Cycle Log 12
Mirrors.
While the state I live in currently falls apart and comes back together, my code has also fallen apart and come back together. I realized that performing an OCR extraction of my iWT difference grid analysis was essentially producing lots of words—almost as many words as are in my dictionary—which confirms two things to me:
Pictures have a huge ability to encode textual data.
If I'm already pulling more than 8,000 legitimate words from a single picture and still finding the necessity to cosmic score for ordering, why then do I even need to go through the process of attempting to extract a signal from random noise, when I could just use a cryptographic random function and a global 65,000-entry structured binary choosing file (which I've discussed previously) to simply score every single word in the dictionary—and then only put the most relevant, highest-scoring cosmic words on top?
It turns out that this implementation is quite fast. We can get cycles as low as about 2 seconds, and the clarity of words—meaning the clarity of messages—is still there; it's even improved.
So what does this really mean?
It's actually much easier to create a ghost box or a quantum communicator than I originally thought. All you need is a dictionary file and some kind of scoring process that uses cryptographic random, or a higher random generator like quantum random, to select the words from the dictionary. It's really that easy.
For brevity, I'll just re-explain how I am utilizing my global binary choosing file. For each word in the dictionary—and there are over 9,000 of them—we select, in parallel, using cryptographic random, 100 different indices from 0 to 64,999 for each word. Then we sum the values at those indices and apply that cosmic score (out of 100) to that word. Then we display it in the display portion in order of highest cosmic word to lowest cosmic word.
That's it. That's the key. It's really no harder than that. All that was really required was a structured binary choosing file for the cryptographic random to impress itself upon—nothing more. I don't know if I should be angry that I didn't think of it sooner, or astounded that it's this easy to actually pull information from random noise and have it contextually make sense and be thematic.
Needless to say, I'll be working on the new version of the app tonight, putting some lipstick on it to make it pretty.

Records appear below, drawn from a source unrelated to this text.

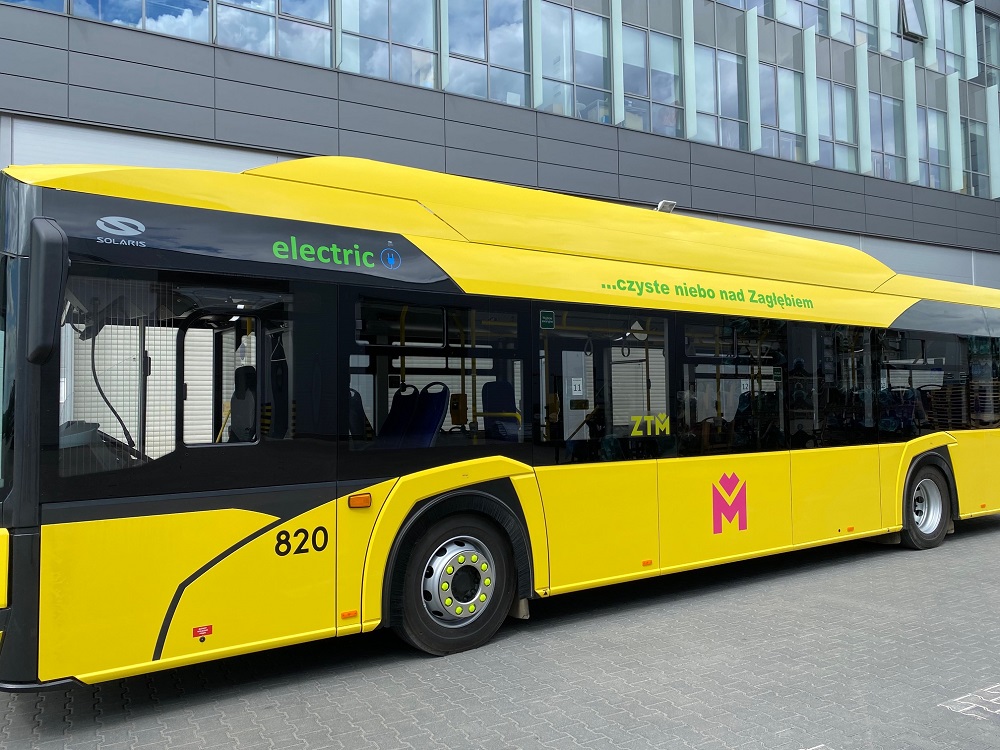 Nowe "elektryki" w nowych barwach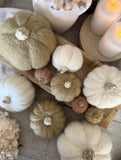 Felt Pumpkin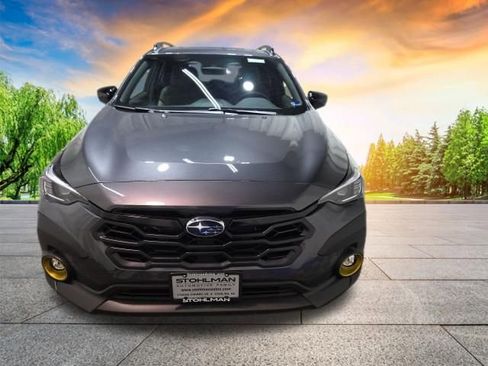 New 2026 Subaru Crosstrek 2.5i Sport AWD/4WD image 9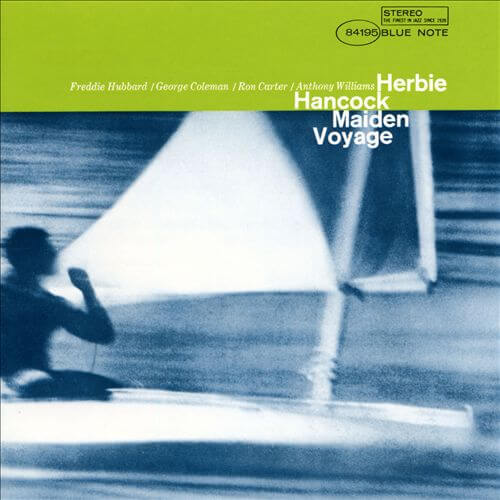 Herbie Hancock ‎ - Maiden Voyage | Vinyl LP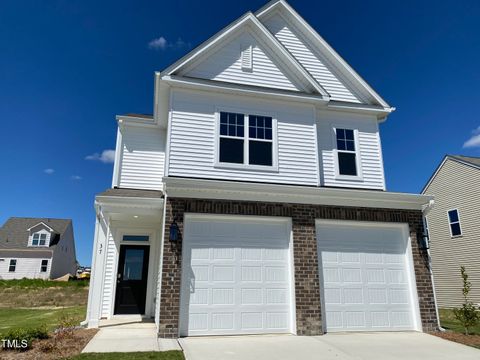A home in Sanford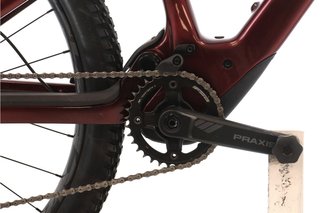 Bicicleta BH iLynx Trail Carbon 8.7 XT t.M Reacondicionada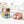 Load image into Gallery viewer, Vtopmart 6 Pack Clear Stackable Storage Bins with Lids, Large Plastic Containers with Handle for Pantry Organization and Storage,Perfect for Kitchen, Fridge, Cabinet, Bathroom Organizer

I might even release Virtua-X so that people can see the other implementation of what I was working on—but it's really just a gussied-up version of the main GUTS protocol, which is simply using a cosmic scoring function with a 65,000-entry structured binary choosing file (111110000011111...0000011111...
) applied to a dictionary.
🤯
The more I experiment, the more I realize that all of the answers were right under our noses the entire time.